# Do I need my husband's consent to take my son to the UK?



## 3kids4me (Jul 1, 2006)

I can't seem to find this information on the internet.  I know it can't hurt to get a notarized letter of consent, but it is one more thing for my husband to have to do.  Is it needed for me to take my son to the UK?  He is fourteen.

Thanks,

Sharon


----------



## bobbornstein (Jul 1, 2006)

3kids4me said:
			
		

> I can't seem to find this information on the internet.  I know it can't hurt to get a notarized letter of consent, but it is one more thing for my husband to have to do.  Is it needed for me to take my son to the UK?  He is fourteen.
> 
> Thanks,
> 
> Sharon



I believe the answer is "better safe than sorry", check out this web site http://www.agreementsetc.com/travel-consent/?gclid=CNWJpfrj8YUCFScJFQod_WBDvA


----------



## calgal (Jul 1, 2006)

Sharon, When my husband took our 14 yr old skiing at Whistler, he did have to present my notarized letter of permission to the authorities. I would definitely want one in my possession right next to the passports.


----------



## ml855 (Jul 1, 2006)

My nephew just took his brother to Costa Rica  and they asked for a notarized letter from his father, which he didn't have, they weren't going to let him leave the states, but decided to let him go since he had a letter stating he was under the care of his brother. (He is also 14).  Now we're hoping he doesn't have any problems entering back into the US next weekend.  I would definiately have a notarized letter so you don't run into any issues along the way.


I also remember several years ago that a friend of ours took her 12 year old son to the UK without any written notice from the father.  They did have problems getting him back into the US.  They held them for about a day before letting him leave the UK.  I guess they waited till they contacted the father.

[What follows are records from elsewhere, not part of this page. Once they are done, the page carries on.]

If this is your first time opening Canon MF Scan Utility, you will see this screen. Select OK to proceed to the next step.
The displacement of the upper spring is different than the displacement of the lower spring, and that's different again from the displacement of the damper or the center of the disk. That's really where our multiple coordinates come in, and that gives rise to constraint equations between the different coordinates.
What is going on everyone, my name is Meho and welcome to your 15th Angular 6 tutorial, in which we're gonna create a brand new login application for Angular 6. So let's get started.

Better to be safe than sorry.


----------



## riverdees05 (Jul 2, 2006)

*Travel with Grandchildren*

When we travel with Grandchildren, we do the following:

1. Power of Attorney or Authorization to take the children where we are taking them, also address medical care.
2. One of their insurance cards or at least a copy of it.
3. Picture ID of the children - if they don't have passports, most states offer a picture ID similar to a drivers license.
4. List of medicines and doctors
5. Phone numbers of parents - home, work, cell, pagers
6. Anything else that may be of importances 

I also, make out a detail itinerary including address, phone numbers of timeshares, cell phones, etc., etc., if we fly, flight numbers, schedules, rental car agencies, etc. If we are driving, then our car/van license number, etc. That way if the parents need to get ahold of us in an emergency, they have all the information possible.

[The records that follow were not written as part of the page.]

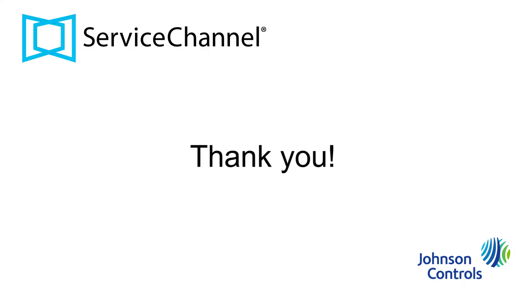That concludes our demo on how to search for service requests and view their associated paperwork. Thank you for watching this tutorial.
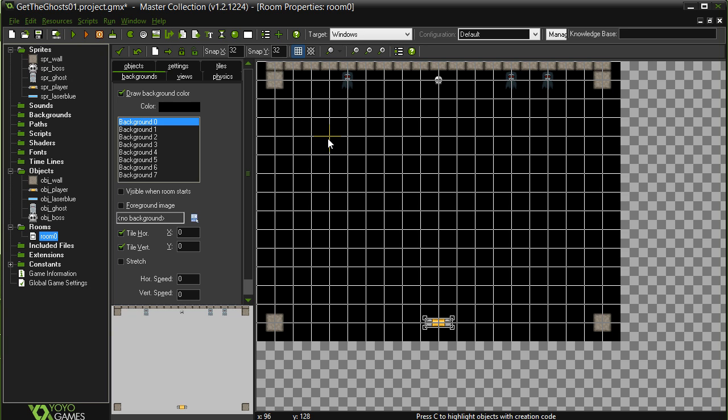Not too bad. Okay. Pretty fast setup. In the next video, we'll start coding all the actions in.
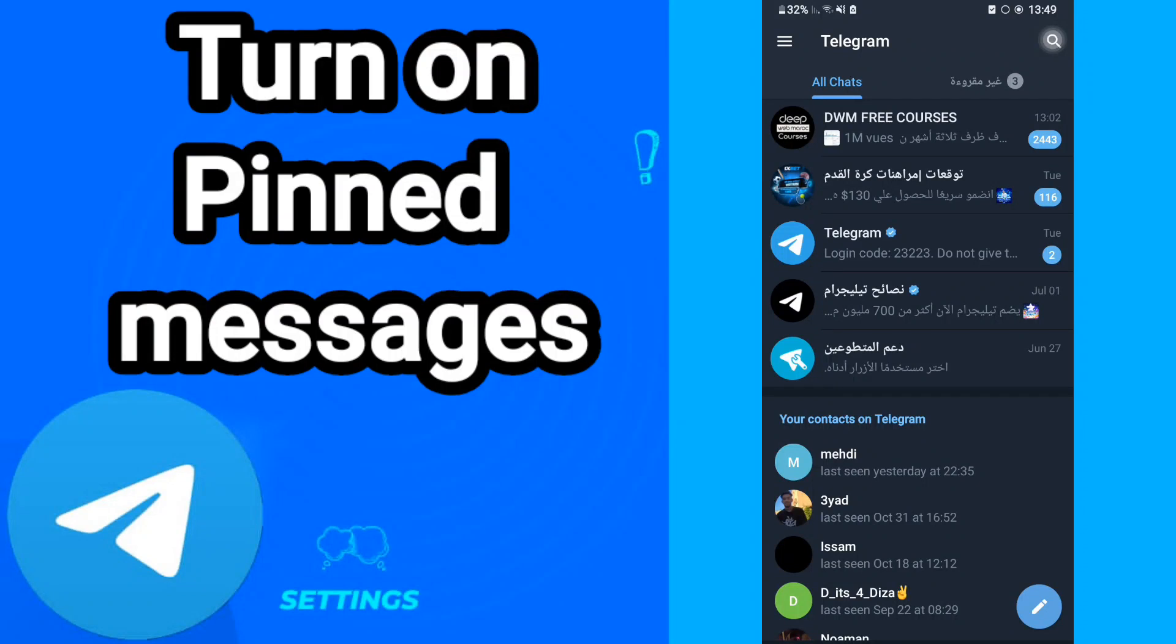Hi everyone, today we will talk about how to turn on pinned messages on your Telegram. To turn on pinned messages on your Telegram, you should just go here in this window as you see.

There is not such thing as overload with information.


----------



## riverdees05 (Jul 2, 2006)

*Authorization for Minor to Travel*

Important
- Authorization for Minor to Travel -
For a minor under the age of 21 to travel out of the United States without both parents or legal guardians, a notarized affidavit must be obtained and presented to immigration officials upon departure and return to the United States.  Failure to present this affidavit may result in officials refusing to allow the minor to leave the country. 
Please complete and sign the appropriate portion A or B in front of a Notary Public, and carry this Notarized affidavit with you.  It is recommended that you also carry divorce, custody, death certificates or any other supporting documents.

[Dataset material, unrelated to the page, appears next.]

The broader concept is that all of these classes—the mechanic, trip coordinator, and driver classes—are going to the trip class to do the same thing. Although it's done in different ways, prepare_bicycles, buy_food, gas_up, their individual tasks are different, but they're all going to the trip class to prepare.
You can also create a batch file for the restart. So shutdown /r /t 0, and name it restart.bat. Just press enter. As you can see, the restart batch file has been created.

Affidavit - Authorization for Minor to Travel
Complete either A or B -  whichever is applicable 
A.  I, (First, Middle, Last Name) ________________________________   hereby accept the conditions for my minor child 
(First, Middle, Last Name) _______________________________    to travel out of the United States from (date) _____________ to (date) ____________ traveling to the country of _____________________ , on the cruise ship or tour package _______________________, under the custody of  
(First, Middle, Last Name) ______________________________________ who will be responsible for my child during the trip. Furthermore, should my child require routine or emergency medical treatment during the trip, I specifically authorize the above named person to make all necessary parental decisions concerning any and all medical treatment that my child may require.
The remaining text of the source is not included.